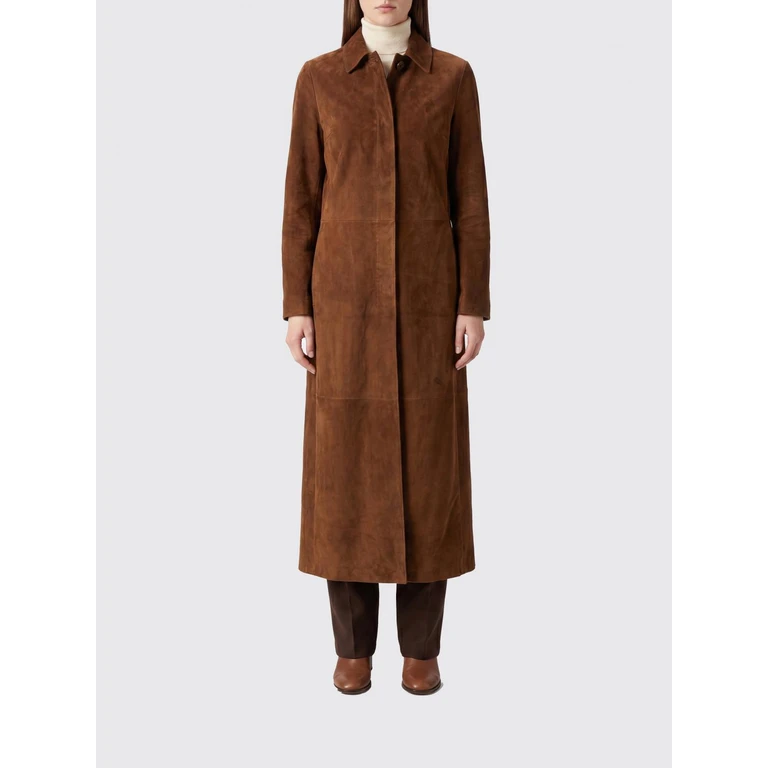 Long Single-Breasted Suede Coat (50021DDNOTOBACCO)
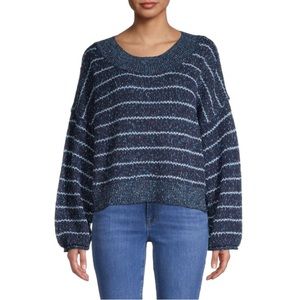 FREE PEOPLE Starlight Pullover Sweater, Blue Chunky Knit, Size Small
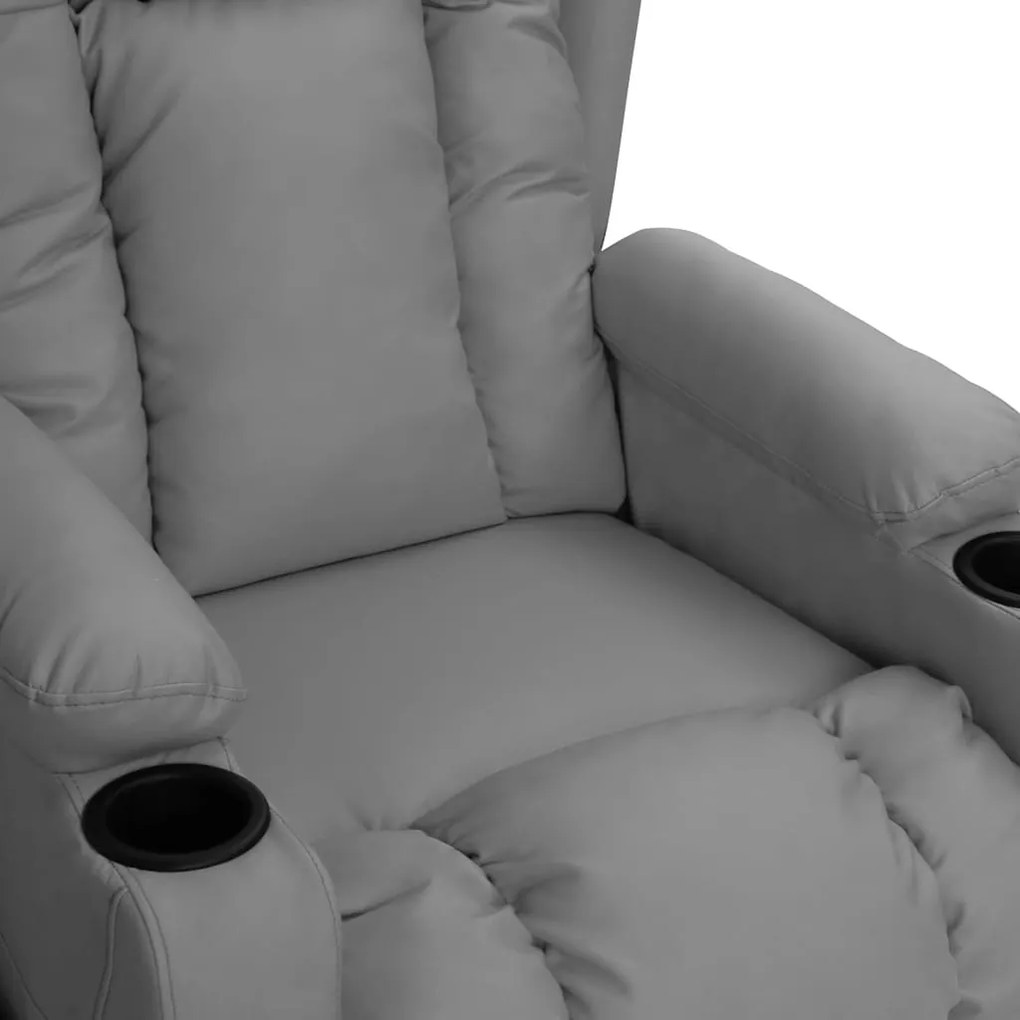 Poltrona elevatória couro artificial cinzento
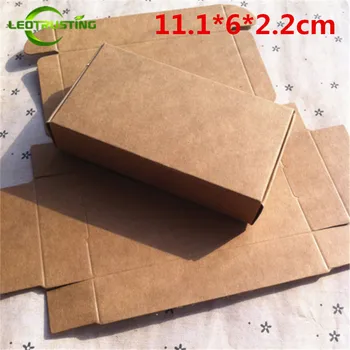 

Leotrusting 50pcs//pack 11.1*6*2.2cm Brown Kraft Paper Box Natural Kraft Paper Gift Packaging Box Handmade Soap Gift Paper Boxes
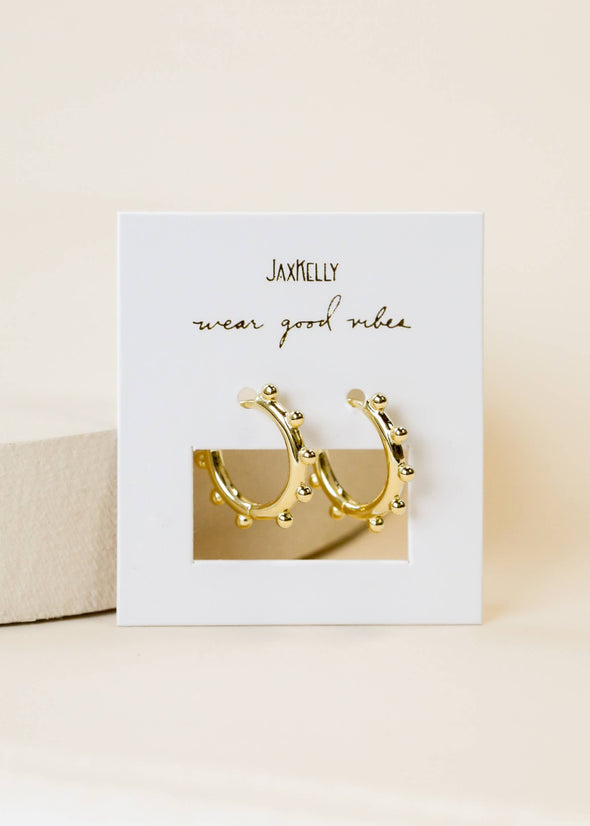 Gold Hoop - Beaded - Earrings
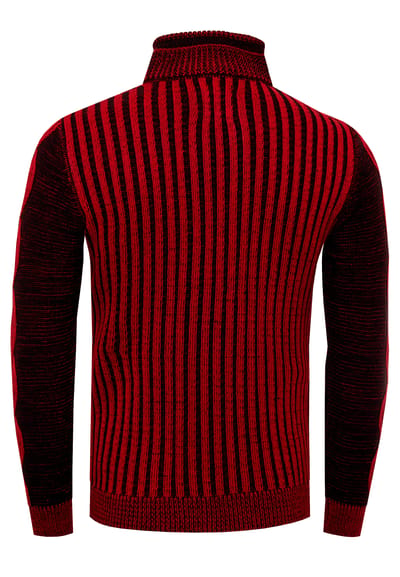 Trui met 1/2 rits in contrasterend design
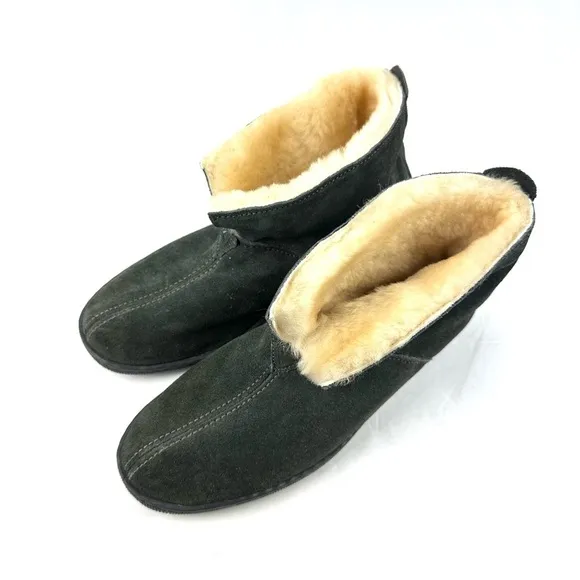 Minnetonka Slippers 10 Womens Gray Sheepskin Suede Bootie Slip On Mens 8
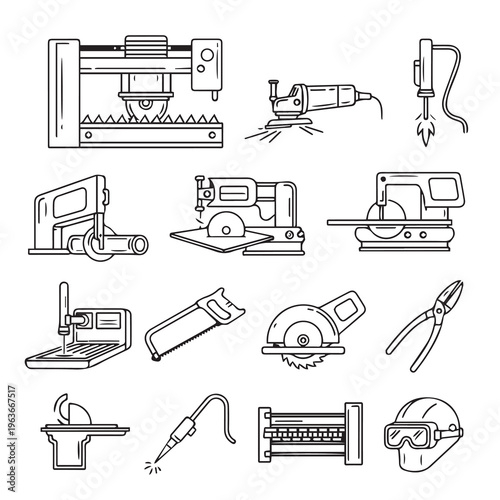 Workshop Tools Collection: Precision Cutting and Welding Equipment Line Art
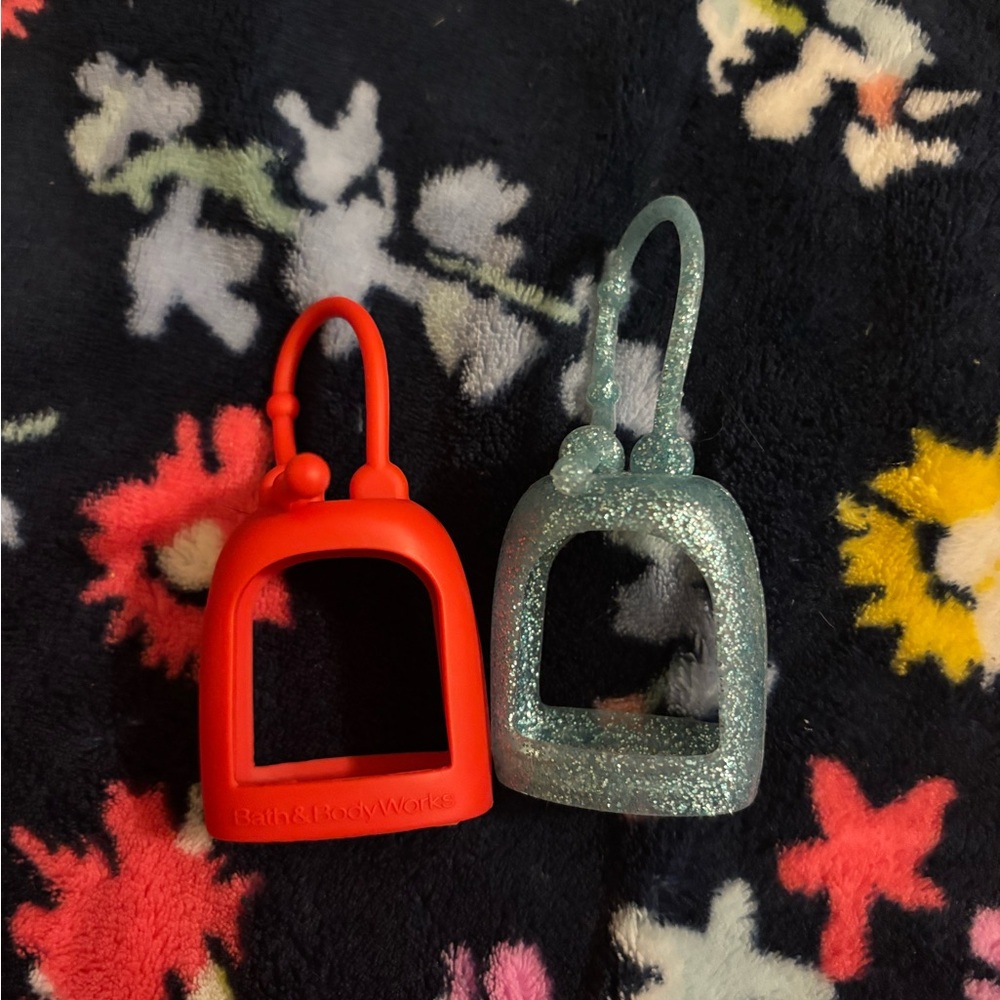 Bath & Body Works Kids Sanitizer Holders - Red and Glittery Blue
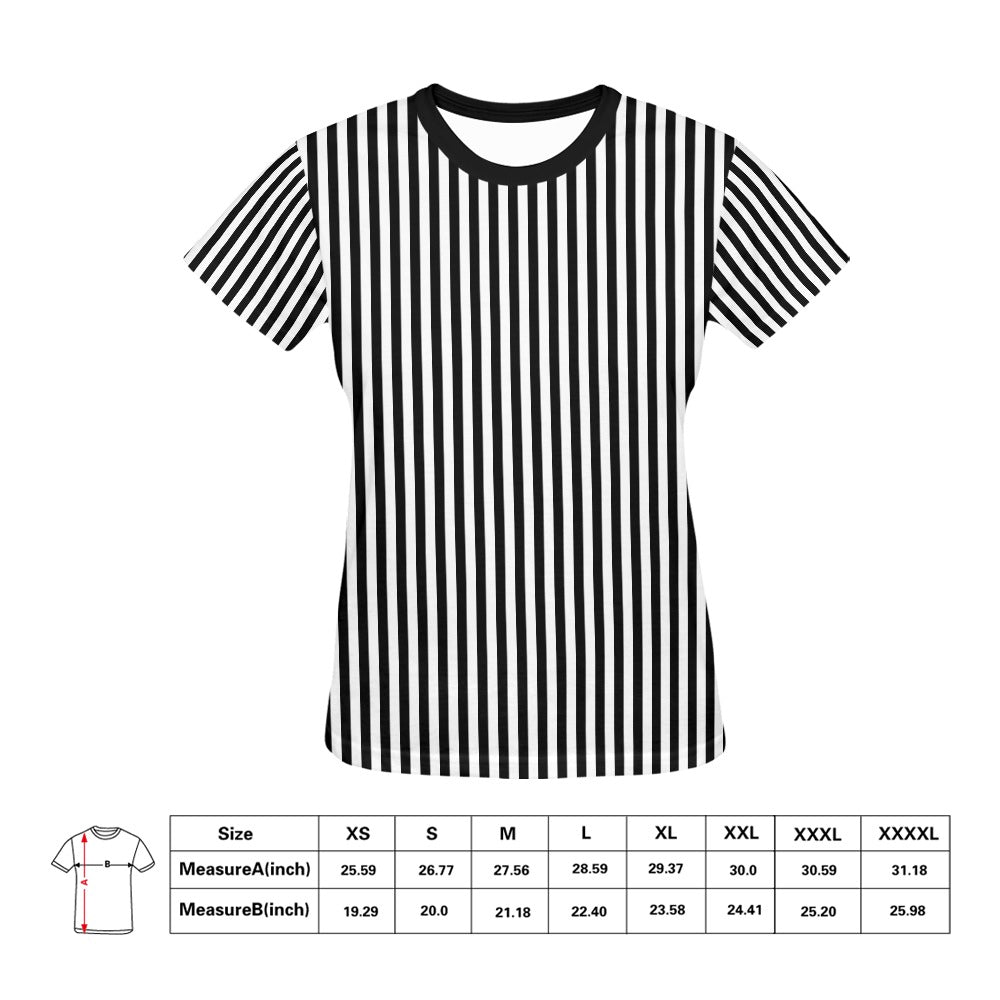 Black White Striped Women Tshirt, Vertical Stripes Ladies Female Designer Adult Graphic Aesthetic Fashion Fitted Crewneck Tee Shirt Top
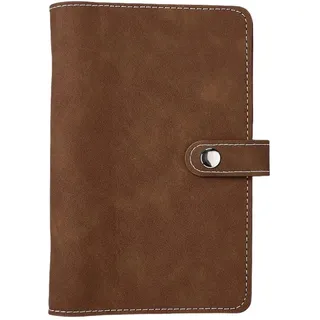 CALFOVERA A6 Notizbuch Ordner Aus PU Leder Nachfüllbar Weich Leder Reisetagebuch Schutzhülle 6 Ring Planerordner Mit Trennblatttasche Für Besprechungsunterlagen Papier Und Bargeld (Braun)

####

▶ **What the task requires**
Give again, exactly as written above, every line from the one holding "Gold Hoop - Beaded - Earrings" to the one holding "Black White Striped", with both ends kept and the pictures left out.

▶ **Solution to the problem**
 Gold Hoop - Beaded - Earrings
 Trui met 1/2 rits in contrasterend design
 Minnetonka Slippers 10 Womens Gray Sheepskin Suede Bootie Slip On Mens 8
 Workshop Tools Collection: Precision Cutting and Welding Equipment Line Art
 Bath & Body Works Kids Sanitizer Holders - Red and Glittery Blue
 Black White Striped Women Tshirt, Vertical Stripes Ladies Female Designer Adult Graphic Aesthetic Fashion Fitted Crewneck Tee Shirt Top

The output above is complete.